In [0]:
%pip install nbformat databricks-sdk[openai]==0.38.0 dspy --quiet
dbutils.library.restartPython()

In [0]:
import pandas as pd

In [0]:
import dspy
lm = dspy.LM('databricks/databricks-meta-llama-3-3-70b-instruct')
dspy.settings.configure(lm=lm)

In [0]:
%run ../prompts/ml_prompts_with_DSPy

In [0]:
import base64

import databricks.sdk
from databricks.sdk.service.workspace import ImportFormat
import nbformat
import numpy as np 

In [0]:
candidate_dict = [
  ("X","/Workspace/Users/vibhor.nigam@databricks.com/interview-scripts/interview-grading/example-notebooks-ml/04-Machine-Learning-X")
]

human_graded_dict = {
  "X": [5, 30, 25, 5, 0]
}
w = databricks.sdk.WorkspaceClient()

In [0]:
module_dict = {
  'module_1': dspy.ChainOfThought(MLPrompt1),
  'module_2': dspy.ChainOfThought(MLPrompt2),
  'module_3': dspy.ChainOfThought(MLPrompt3),
  'module_4': dspy.ChainOfThought(MLPrompt4),
  'module_5': dspy.ChainOfThought(MLPrompt5)
}

In [0]:
def get_code_from_notebooks(workspace_client, notebook_path):
   notebook = workspace_client.workspace.export(notebook_path, 
                                    format=ImportFormat.JUPYTER)
   ipynb = base64.decodebytes(notebook.content.encode('ascii')).decode("utf-8")
   notebook = nbformat.reads(ipynb, as_version=4)
   code_dict = {}
   x=0
   for cell in notebook.cells:
      if cell.cell_type == 'code' or cell.cell_type == 'markdown':
         code_dict[x] = cell.source
         x+=1
   context = ''.join(code_dict.values())
   return context
# ipynb

In [0]:
def evaluate_responses(context, module_dict):
  answer_list = []
  for k,module in module_dict.items():
    response = module(text=context)
    response_dict = {
      'score': response.score,
      'reasoning': response.reasoning,
      'code_snippet': response.code_snippet
    }
    # print(response_dict)
    answer_list.append(response_dict)
  answer_list_df = pd.DataFrame(answer_list)

  return answer_list_df

In [0]:
# spark.sql(f" drop table if exists users.abhay_jalisatgi.gen_ai_eval ")

In [0]:

error_dict = {}
answers_dict = {}
for candidate in candidate_dict:
  context = get_code_from_notebooks(w, candidate[1])
  answers = evaluate_responses(context, module_dict)
  answers['candidate'] = candidate[0]
  answers['score'] = answers['score'].astype('float64')
  # spark.createDataFrame(answers).write.mode("append").saveAsTable("users.abhay_jalisatgi.gen_ai_eval")

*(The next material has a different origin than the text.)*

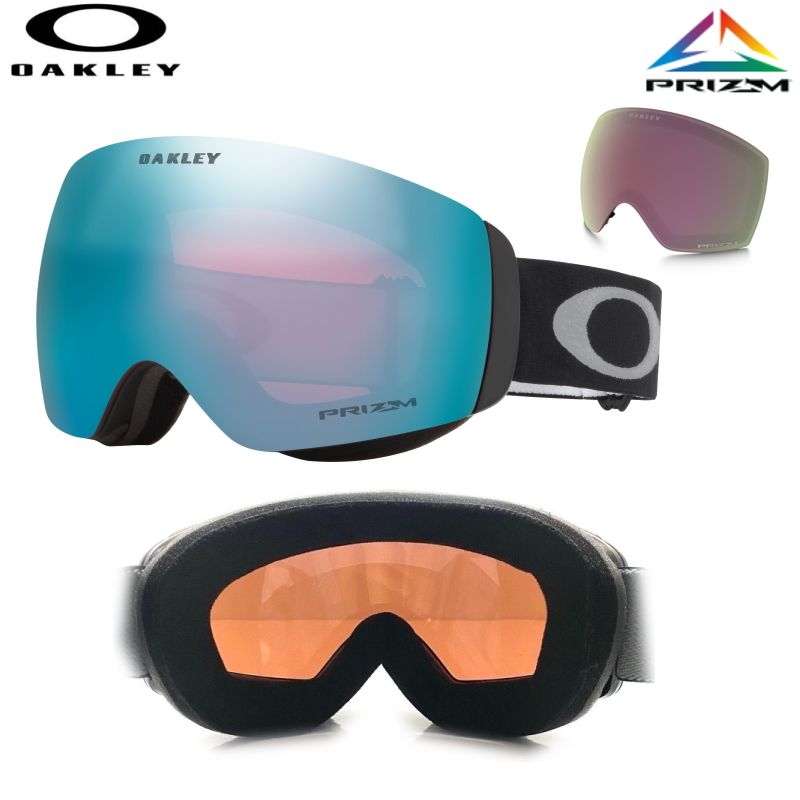 24-25OAKLEY FLIGHT DECK M BLACK レンズ PRIZM SAPH IRD-PRIZM HI PINK IRDオークリー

  human_answers_list = human_graded_dict[candidate[0]]
  model_asnwers_list = answers['score'].tolist()
  diff = [human_answers_list[i] - model_asnwers_list[i] for i in range(len(human_answers_list))]
  
  abs_error = np.abs(diff).sum()
  inaccurate_predictions = len([x for x in diff if x != 0])

  error_dict[candidate[0]] = {'abs_error': abs_error, 'inaccurate_predictions': inaccurate_predictions, 'context': diff}
  answers_dict[candidate[0]] = answers

In [0]:
error_dict

In [0]:
answers_dict['X'].display()

In [0]:
def evaluate_model(diff):
  unmatched_elements = [i for i in diff if i != 0]
  diff_in_score = sum(unmatched_elements)
  return diff_in_score

In [0]:
# human_answer_list_Y = [15,15,15,12,15,25]
# model_answer_list_Y = [x.score for x in spark.read.table("users.abhay_jalisatgi.gen_ai_eval").filter(f"candidate = 'Y'").select("score").collect()]
# diff = [human_answer_list_Y[i] - model_answer_list_Y[i] for i in range(len(human_answer_list_Y))]
# print(f" Human score - Model score : {evaluate_model(diff)}, answers differ for {diff}")

# # Grader Notes for Q4: For Part2, the grouping should not be performed based on date. Partial credit awarded.
# # Grading Criteria for Q4: Workload hours each day for the workspaceID (15)- If ordering is missing, deduct 3 points. Each section is 7.5 points.